Three Parotocinclus species are endemic to SFR-IWT receptor basins: P. spilurus in JAG, P. seridoensis in PIA, and P. spilosoma in PAR, and this number could be higher considering putative undescribed species (^{Lima et al., 2017}) (Fig. 3F). This might also be the case of some species not identified at species level (Loricariichthys sp. in JAG, Corydoras sp. in PIA, and Aspidoras sp. in SFRE) which can be putative undescribed species, confirming that ichthyofaunal taxonomic knowledge from the region is still incomplete, and strengthening the necessity for systematic research (^{Lima et al., 2017}). The Parotocinclus and Aspidoras catfishes are usually restricted to intermittent headwaters and could also be impacted by accumulation of fine sedimentary particles carried through the canals.

Final considerations and prospects. IWT projects are considered as one of the main threats to freshwater biodiversity, mainly to fish (^{Dudgeon, 2019}). Furthermore, the modifications of the hydrological regime of the SFR-IWT basins can influence the seasonality, flow, availability and quality of the Caatinga rivers (^{Jardine et al., 2015}). Consequently, these changes can lead to a reduction in fish diversity and inland fishery production (^{Sabo et al., 2017}).

Deleterious anthropogenic alterations to the aquatic environment caused by large engineering projects are indisputable worldwide; however, obtaining reliable species richness lists before artificial IWT canals are implemented is difficult, albeit essential to detect species invasions (^{Johnson et al., 2008}). Deficiency in the pre-construction fish species baseline of the Lesotho Highland Water Project in Africa must have contributed to the disappearance of the endangered minnow Pseudobarbus quathlambae (Barnard 1938) in some areas, which was the only endemic species of the Lesotho highlands (^{Shelton et al., 2017}). In the SFR-IWT basins, it was aggravated by the lack of an updated fish list by basins, which might hamper detection of the changes in richness due to the arrival of invasive species by the artificial canals. This study provides original lists of the freshwater fish species in each SFR-IWT basin, which should not considered as a final list, but as a baseline to detect changes after its operation.

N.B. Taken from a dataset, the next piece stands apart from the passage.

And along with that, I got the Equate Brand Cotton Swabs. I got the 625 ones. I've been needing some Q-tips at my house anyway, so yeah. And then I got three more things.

This baseline of species richness and endemism (including endangered species) presents values higher than those previously stated (^{Rosa, 2004}; ^{Brasil, 2004}), as well as making the first comparisons of shared species among donor and receptor SFR-IWT basins. These results cause concern, due to the potential risk of non-native species invading the receptor basins. To the extent that invasive species settle down, the faunal homogenization process will begin (^{Brito et al., 2020}); and possible local and even total extinctions of endemic species might occur in this ichthyofauna adapted to the temporary hydrological regimen (^{Silva, 2017}).

The SFR-IWT canals are already functioning, and special attention should be given to implementing ichthyofaunal protection measures, such as aquatic biota block barriers, mainly to avoid the faunal exchange between basins. The priority actions for the SFR-IWT basins should include the (1) sustainable limits of freshwater withdrawal, and (2) halting expansion of IWT projects, and (3) constant monitoring, especially of threatened and endemic freshwater fish species of the semiarid drainage areas.

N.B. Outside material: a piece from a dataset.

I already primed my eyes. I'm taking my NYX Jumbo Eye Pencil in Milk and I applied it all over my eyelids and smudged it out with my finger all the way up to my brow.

To avoid invasive species, it is necessary to build efficient barriers to restrain faunal exchange among the SFR-IWT basins (^{Brasil, 2020}). Behavioral and physical barriers should be adequate to block migrant and carnivore fish that occur in the catchment area (e.g. Leporinus, Megaleporinus, Pygocentrus, and Plagioscion species), which may see their chance of establishment in modified environments rise up to eight times in relation to natural conditions (^{Johnson et al., 2008}). Of the 11 non-native species listed herein, Xiphophorus helleri and Parachromis managuensis are considered as recently introduced (^{Rodrigues-Filho et al., 2016}; ^{França et al., 2017}). However, the second, an exotic predator cichlid, was recorded in the SFRE and in PAR among the receptor basins, and could invade the other basins throughout the canals (^{França et al., 2017}; ^{Ramos et al., 2018}) (Fig. 3K-L).

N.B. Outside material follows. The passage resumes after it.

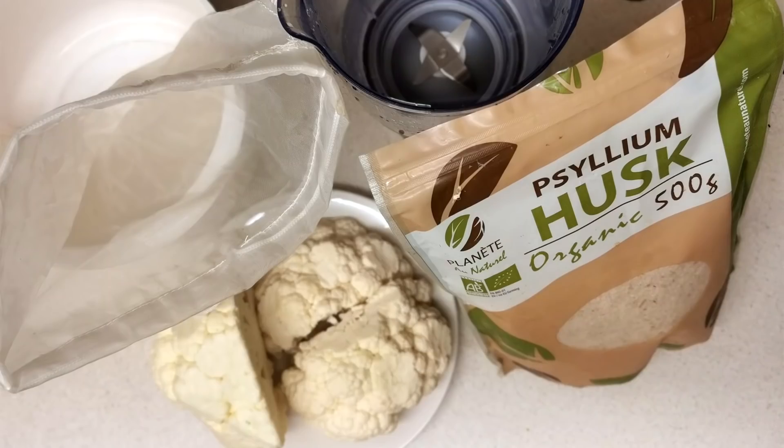To me, one pound is progress — any loss whatsoever I see as progress, because it has always been very difficult for me to lose in the past. So I'm celebrating my one pound here. Although I didn't do a lot in the way of cooking, I brought you guys this cauliflower keto swallow. It's very easy to prepare and the texture and taste is very similar to pounded yam. In my opinion, this is the best keto swallow. Stay tuned for the recipe.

Environmental changes can force the substitution of native species populations by those from the donor basin, which might be more adapted to the perennial regime resulting from water transfer (^{Shelton et al., 2017}). Nevertheless, ^{Lynch et al. (2011)} recognized the higher possibility of faunal composition changes among distinct hydrographic basins in the Par Tapi Narmada Link Project canals in India, and that in long canals (over 550 km) there is a reduction in the probability of species invasion, as only some can run those long distances. In the case of SFR-IWT, it is worrying taking into account the canals’ intermediate size (357 km in North Axis and 220 in East Axis), in which it is possible that migratory species such as Prochilodus, Pimelodus, Megaleporinus and other medium and large-sized-species from the SFRE may reach the receptor basins. Other studies verified the establishment of invasive species in rivers with altered abiotic conditions and river flow, including IWT canals (^{Kadye, Booth, 2012}). We hope, however, that this baseline is a starting point for predictive assessments of non-native species (e.g. ecological niche modeling) in the SFR-IWT receptor basins.